To this day, I can't help wondering if a team of miniscule scientists has stowed away inside the syringe each time I get a shot.

And when Star Wars was released my dad took us to see it, not once, but 13 times. In a row. The last time, the local theater owner didn’t have the heart to charge him. I remember feeling like a starlet, pulled out of line, the red rope unlatched just for me. "Please. Just go in. Your money's no good here."

There's a reason the zombie film Shaun of the Dead is my idea of the perfect romantic comedy. Seeing Amityville Horror on the big screen as a child will do that to you. So will getting locked in the basement by your brothers afterward. It took months before I could go into our basement's dark, dank fruit cellar, a Portal to Hell if ever there was one.

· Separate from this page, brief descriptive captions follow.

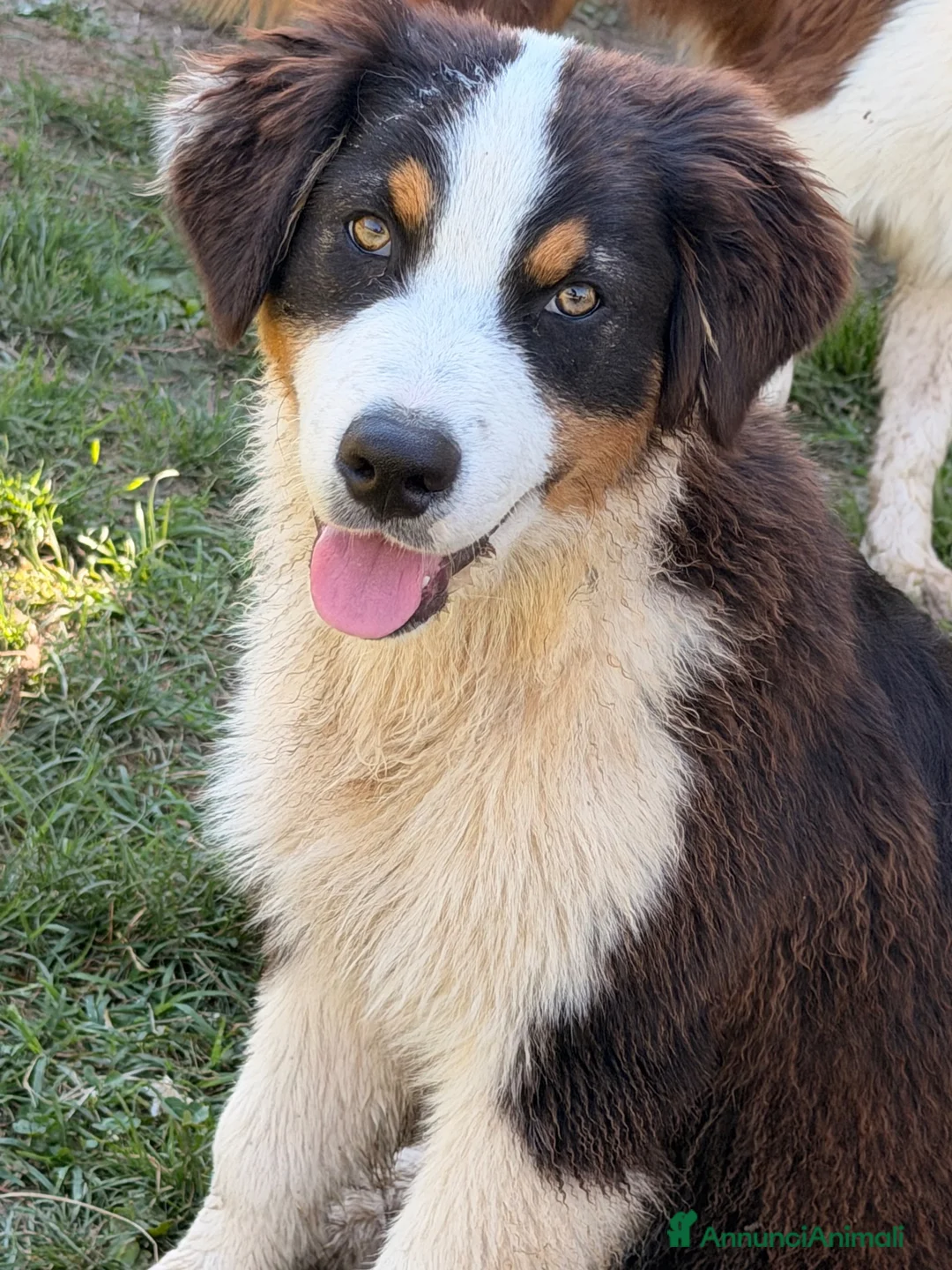 Australian Shepherd cani in vendita: Cucciolo pastore asutraliano  - Annuncio 2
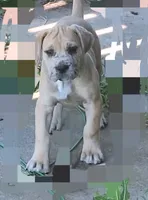 Nevada Daniff, a male Great Dane and English Mastiff for sale in Foreston, MN – 5 of 10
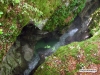 18_mostnica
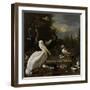 A Pelican and other Birds near a Pool, Known as ‘The Floating Feather’, c.1680-Melchior de Hondecoeter-Framed Giclee Print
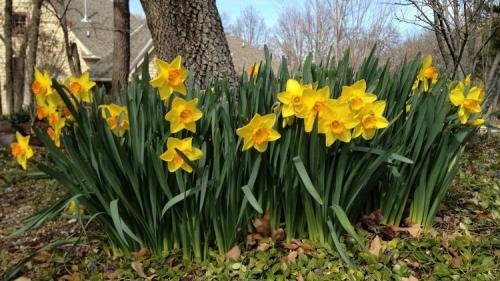 Что лучше сажать осенью. Что сажать осенью на даче: 7 советов огородникам (38 фото)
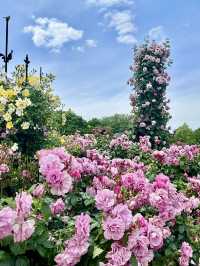 Spring Outing: Keisei Rose Garden🌼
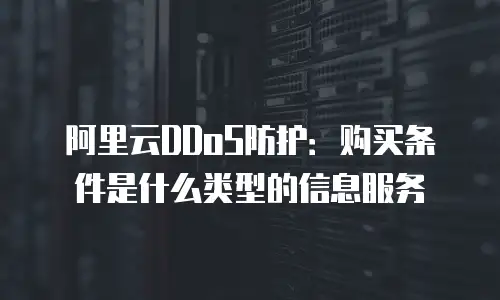 阿里云DDoS防护：购买条件是什么类型的信息服务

You don't have to tell me twice to "Get out!"

And sometimes the right movie is a gateway to wondrous, transformative, albeit slightly deviant, things.

Enter Heavy Metal, an animated, R-rated, rock-and-roll extravaganza that my father took my brothers and me to see. We liked it so much that he let us hide under the seats between shows, dodging ushers sweeping up popcorn, so we could watch it again without paying. Very rock-and-roll.

Actually, I'm not sure which was more transforming - the movie with it's blond, buxom, sword-wielding heroine kicking ass in a leather bikini or committing a misdemeanor with my family. But as a tall, skinny, frizzy-haired girl with glasses, braces and poor posture, I took whatever help I could get.